Human eyes evolved under full-spectrum sunlight. Eyes are the only organs in the body constituted to receive light. They feed on light. The retina is covered with millions of photoreceptor cells (light sensitive cells) called rods and cones that depend on stimulation by light. Without light stimulation they perish and vision dims. Only in the past century has a war been waged against the sun, which creates and sustains all life on our planet, including us. The Bates Method was developed before the sun became an enemy and is very pro natural sunlight. The Bates Method provides several “Sun Drills” that teach how to gently take in more full-spectrum sunlight in a very safe and effective way. I never instruct my vision students to look directly at the sun. Instead, I teach people how to accept sunlight indirectly and in constant movement so that the light never stays on one part of the eye for more than a moment. The most basic sun drill is called sunning and is demonstrated in the video below. In short, sunning consists of closing your eyes, facing the sun and pivoting your head left to right for several minutes. The light from the sun stimulates your retina while the warmth from the sun relaxes all your muscles, tendons and nerves. Sunlight increases circulation to your eyes and face and the sunning helps retrain the involuntary muscles that open and close your pupils properly. It also guarantees you get your daily dose of vitamin D.
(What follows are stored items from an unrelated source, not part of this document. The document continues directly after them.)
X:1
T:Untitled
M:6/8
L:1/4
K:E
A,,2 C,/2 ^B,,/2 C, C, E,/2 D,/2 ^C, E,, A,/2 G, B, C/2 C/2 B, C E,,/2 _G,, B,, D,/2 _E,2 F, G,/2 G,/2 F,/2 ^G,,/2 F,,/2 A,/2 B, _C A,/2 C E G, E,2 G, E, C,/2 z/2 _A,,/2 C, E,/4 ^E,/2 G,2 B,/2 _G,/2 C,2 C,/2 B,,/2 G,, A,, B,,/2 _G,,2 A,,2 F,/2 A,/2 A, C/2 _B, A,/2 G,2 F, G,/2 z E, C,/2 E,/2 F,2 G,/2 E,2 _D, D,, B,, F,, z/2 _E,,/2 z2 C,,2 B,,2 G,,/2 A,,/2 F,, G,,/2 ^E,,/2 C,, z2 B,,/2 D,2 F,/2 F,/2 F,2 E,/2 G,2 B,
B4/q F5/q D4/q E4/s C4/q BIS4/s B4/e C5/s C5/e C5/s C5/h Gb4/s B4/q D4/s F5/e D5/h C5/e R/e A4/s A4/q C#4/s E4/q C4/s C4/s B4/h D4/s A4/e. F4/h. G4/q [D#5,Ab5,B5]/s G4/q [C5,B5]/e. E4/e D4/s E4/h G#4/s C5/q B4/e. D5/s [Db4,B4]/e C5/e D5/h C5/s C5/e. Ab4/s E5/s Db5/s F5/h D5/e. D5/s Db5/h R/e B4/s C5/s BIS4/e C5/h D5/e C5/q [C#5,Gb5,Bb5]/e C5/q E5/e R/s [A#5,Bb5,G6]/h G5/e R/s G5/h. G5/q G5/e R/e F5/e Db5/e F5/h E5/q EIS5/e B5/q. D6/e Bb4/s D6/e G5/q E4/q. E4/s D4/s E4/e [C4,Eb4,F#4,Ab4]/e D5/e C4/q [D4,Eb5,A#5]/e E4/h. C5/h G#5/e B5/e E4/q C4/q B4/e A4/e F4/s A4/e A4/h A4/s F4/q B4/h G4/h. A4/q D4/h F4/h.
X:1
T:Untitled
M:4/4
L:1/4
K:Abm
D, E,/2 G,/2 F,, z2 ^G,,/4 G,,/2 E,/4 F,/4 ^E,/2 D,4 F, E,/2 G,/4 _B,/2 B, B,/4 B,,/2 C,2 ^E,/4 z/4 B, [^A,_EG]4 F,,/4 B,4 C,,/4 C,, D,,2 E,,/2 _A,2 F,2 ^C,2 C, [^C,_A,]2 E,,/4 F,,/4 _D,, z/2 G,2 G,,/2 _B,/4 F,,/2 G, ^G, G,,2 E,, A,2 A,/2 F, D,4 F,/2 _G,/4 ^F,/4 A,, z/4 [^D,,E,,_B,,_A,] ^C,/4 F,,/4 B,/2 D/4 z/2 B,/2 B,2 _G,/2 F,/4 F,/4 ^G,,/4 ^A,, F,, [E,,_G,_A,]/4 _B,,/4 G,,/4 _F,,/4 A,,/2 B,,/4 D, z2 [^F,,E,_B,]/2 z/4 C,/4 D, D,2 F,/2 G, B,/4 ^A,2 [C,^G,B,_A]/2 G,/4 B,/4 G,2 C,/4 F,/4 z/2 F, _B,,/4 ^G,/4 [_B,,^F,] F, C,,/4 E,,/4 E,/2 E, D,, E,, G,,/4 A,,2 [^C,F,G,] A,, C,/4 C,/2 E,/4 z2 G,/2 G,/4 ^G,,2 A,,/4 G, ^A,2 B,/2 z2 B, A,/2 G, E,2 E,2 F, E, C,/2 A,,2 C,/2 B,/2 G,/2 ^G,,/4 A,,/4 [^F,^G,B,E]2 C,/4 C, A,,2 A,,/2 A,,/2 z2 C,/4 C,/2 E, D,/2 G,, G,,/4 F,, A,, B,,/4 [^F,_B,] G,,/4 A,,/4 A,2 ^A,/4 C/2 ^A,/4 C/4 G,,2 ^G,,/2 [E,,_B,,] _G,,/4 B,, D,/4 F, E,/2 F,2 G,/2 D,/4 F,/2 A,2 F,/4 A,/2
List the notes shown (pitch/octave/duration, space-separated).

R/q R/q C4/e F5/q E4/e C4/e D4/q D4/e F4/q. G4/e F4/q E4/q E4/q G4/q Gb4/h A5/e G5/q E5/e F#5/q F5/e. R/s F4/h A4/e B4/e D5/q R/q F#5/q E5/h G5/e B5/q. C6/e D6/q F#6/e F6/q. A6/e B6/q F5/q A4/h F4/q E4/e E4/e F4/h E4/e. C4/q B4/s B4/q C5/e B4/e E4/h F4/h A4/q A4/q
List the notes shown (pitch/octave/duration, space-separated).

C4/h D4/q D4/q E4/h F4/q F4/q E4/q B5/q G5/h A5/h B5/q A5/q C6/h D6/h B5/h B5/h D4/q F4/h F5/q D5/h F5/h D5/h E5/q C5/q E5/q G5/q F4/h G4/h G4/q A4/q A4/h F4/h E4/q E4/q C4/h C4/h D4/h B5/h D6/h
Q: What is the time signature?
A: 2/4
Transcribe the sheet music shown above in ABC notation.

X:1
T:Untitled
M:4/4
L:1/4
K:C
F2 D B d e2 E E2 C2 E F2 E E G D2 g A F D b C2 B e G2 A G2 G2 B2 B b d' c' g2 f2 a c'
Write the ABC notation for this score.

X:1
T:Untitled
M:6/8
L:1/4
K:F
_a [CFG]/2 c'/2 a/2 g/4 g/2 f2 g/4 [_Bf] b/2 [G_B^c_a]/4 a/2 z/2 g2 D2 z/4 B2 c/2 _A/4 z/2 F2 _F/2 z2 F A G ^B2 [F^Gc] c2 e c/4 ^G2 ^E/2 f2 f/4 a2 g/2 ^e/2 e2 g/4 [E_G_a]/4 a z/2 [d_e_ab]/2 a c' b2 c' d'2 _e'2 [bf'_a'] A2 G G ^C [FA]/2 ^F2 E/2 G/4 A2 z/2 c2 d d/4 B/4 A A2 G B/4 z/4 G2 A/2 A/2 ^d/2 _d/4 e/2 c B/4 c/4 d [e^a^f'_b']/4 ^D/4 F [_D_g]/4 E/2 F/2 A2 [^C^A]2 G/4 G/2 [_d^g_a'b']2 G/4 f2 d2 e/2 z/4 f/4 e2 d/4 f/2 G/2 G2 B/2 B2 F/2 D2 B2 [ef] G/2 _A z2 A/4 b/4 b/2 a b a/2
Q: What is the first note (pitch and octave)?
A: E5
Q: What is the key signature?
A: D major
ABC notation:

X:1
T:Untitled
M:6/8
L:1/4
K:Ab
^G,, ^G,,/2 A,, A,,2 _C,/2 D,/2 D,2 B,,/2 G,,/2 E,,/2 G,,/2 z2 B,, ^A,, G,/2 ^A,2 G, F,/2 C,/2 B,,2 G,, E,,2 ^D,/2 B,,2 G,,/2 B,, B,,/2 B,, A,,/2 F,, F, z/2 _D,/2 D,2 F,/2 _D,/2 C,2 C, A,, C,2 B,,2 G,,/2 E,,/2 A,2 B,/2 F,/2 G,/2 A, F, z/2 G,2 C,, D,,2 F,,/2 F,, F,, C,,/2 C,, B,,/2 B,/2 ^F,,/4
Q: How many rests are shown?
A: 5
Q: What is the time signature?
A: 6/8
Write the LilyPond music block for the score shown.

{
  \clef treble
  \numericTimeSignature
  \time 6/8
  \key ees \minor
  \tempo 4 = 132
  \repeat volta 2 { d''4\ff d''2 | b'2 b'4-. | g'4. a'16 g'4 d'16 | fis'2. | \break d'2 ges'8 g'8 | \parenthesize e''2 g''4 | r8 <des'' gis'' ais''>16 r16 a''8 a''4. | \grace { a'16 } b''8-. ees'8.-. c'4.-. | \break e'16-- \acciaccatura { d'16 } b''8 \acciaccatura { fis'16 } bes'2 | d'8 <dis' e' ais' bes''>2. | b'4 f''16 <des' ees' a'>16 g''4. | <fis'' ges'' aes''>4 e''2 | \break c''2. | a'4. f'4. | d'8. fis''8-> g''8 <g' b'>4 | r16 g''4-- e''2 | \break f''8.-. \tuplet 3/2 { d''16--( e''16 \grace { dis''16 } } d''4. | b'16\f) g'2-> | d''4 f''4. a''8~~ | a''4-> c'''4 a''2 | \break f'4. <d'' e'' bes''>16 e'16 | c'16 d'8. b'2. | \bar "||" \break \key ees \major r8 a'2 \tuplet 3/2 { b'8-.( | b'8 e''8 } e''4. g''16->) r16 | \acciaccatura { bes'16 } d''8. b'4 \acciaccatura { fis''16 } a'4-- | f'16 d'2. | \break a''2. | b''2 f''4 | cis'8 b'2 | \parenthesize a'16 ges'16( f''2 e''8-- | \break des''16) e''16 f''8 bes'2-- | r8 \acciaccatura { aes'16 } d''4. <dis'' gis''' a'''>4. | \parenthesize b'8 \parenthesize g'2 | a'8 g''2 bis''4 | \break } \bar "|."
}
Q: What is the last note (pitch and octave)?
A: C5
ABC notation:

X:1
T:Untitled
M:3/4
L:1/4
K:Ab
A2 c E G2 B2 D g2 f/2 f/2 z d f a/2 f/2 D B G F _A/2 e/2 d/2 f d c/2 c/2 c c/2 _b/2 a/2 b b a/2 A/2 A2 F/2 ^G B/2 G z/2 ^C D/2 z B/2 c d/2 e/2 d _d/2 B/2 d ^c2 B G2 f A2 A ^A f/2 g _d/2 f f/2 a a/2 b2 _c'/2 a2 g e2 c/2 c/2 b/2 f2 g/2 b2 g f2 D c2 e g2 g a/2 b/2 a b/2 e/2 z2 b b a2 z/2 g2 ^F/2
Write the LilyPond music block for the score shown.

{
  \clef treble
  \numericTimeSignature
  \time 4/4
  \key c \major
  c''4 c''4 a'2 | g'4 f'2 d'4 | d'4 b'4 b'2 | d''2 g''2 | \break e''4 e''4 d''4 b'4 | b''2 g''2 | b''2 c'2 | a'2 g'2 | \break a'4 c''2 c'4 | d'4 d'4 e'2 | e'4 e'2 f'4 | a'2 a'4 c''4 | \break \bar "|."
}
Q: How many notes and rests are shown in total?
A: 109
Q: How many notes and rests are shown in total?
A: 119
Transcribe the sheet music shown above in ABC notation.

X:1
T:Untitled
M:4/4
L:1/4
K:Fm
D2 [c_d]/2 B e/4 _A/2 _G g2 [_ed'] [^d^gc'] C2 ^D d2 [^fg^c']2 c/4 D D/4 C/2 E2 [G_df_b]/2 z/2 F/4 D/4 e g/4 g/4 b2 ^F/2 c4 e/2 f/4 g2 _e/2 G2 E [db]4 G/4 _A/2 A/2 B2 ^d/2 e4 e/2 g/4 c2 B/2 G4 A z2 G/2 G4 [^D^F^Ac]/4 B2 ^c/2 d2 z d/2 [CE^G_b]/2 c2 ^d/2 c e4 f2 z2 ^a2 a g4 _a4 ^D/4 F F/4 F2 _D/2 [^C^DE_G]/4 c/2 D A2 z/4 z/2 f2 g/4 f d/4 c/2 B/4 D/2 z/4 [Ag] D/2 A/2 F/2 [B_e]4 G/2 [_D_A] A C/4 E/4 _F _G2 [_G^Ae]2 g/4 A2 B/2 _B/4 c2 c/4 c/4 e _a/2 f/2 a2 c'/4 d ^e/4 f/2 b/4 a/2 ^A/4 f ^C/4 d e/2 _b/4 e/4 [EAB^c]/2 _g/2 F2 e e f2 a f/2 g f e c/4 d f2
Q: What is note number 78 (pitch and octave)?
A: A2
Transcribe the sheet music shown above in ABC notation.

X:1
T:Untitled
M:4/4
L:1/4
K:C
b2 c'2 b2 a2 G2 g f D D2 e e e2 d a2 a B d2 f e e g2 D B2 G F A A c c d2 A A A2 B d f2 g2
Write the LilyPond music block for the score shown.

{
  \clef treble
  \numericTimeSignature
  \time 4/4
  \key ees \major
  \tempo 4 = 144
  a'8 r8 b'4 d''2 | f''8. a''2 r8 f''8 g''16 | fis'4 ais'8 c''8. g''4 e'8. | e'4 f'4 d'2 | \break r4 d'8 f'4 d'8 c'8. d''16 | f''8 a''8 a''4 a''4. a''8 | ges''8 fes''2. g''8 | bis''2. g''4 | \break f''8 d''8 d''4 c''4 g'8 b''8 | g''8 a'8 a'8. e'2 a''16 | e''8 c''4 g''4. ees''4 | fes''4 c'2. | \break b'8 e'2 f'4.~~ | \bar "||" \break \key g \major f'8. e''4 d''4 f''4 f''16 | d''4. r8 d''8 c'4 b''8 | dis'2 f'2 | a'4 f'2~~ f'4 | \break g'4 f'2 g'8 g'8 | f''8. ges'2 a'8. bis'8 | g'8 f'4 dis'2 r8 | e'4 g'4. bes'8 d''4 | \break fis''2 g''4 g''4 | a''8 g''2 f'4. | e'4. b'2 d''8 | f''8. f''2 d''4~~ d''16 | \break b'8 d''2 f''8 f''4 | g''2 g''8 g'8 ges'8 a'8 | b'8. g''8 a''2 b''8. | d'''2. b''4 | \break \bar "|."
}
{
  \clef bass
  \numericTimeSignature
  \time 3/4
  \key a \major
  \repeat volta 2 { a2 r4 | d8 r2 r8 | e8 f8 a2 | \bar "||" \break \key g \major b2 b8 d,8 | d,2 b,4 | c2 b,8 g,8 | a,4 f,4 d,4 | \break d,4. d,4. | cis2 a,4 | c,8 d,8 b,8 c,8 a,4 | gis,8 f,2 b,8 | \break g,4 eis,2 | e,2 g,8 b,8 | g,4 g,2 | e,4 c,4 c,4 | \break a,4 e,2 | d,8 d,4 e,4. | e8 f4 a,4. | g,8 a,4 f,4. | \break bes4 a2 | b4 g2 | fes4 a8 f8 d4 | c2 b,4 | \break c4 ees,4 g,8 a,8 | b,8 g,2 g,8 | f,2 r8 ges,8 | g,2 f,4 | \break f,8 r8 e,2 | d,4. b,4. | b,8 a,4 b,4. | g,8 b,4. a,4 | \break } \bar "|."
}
When I began learning more about the health benefits of getting more sun, I stopped wearing sunscreen and sunglasses altogether. I started wearing hats instead, became more conscious of the time I spent in the sun and sought out more shade when available. Sunglasses certainly have their time and place, mainly in environments with high levels of glare like snow, water or roads when the sun is low, and can be used as tools to prevent over-exposure. However, they should be treated as crutches that should only be used in times of emergency. Just like prescription lenses, sunglasses can become addictive for users and can lead to light sensitivity. Ideally, you want to reach a point where you can be outside on a sunny day without wearing sunglasses and without squinting or straining your eyes. You want to keep your eyes relaxed in the sun and absorb the healing properties it has to offer. It doesn’t take very much sunlight at all to get the light stimulation and vitamin D you need, so don’t overdo it. Even just a few minutes a day will help get you going in the right direction.